[Information provided]
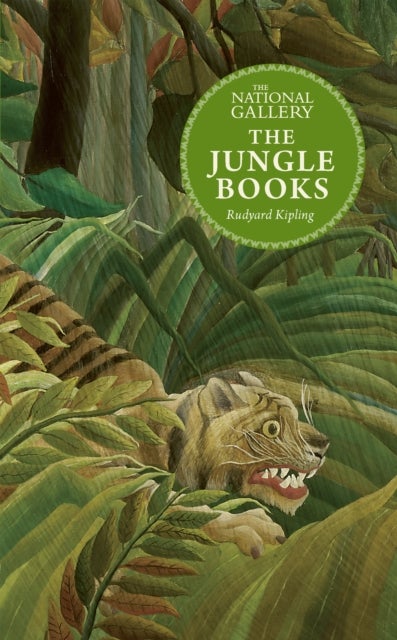 Bilde av The National Gallery Masterpiece Classics: The Jungle Books Av Rudyard Kipling, The National Gallery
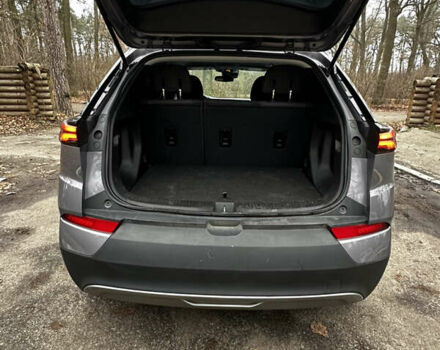 Серый Шевроле Bolt EUV, объемом двигателя 0 л и пробегом 155 тыс. км за 17500 $, фото 17 на Automoto.ua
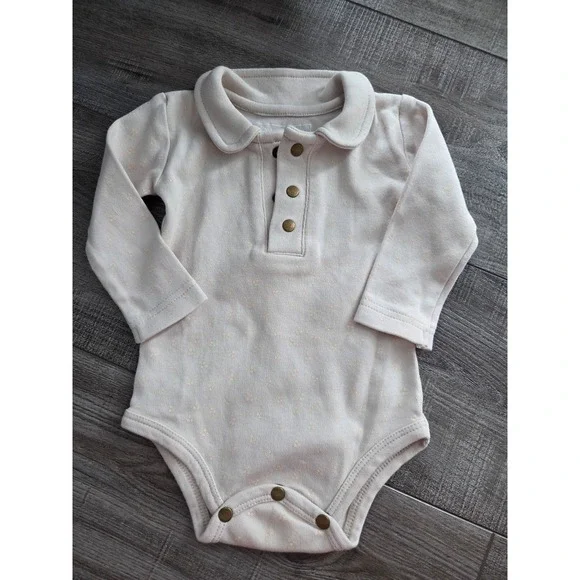 L'ovedbaby baby girl top 6-9‎ mos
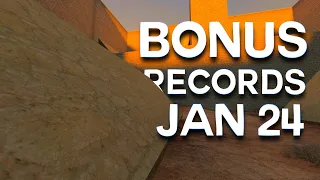 KSF Bonus World Records | January 2024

[Required action]
Would you restate word for word each line from the one that holds "Серый Шевроле Bolt" to the end of the material, both ends included, without the pictures?

[Result for this exercise]
 Серый Шевроле Bolt EUV, объемом двигателя 0 л и пробегом 155 тыс. км за 17500 $, фото 17 на Automoto.ua
 L'ovedbaby baby girl top 6-9‎ mos
 KSF Bonus World Records | January 2024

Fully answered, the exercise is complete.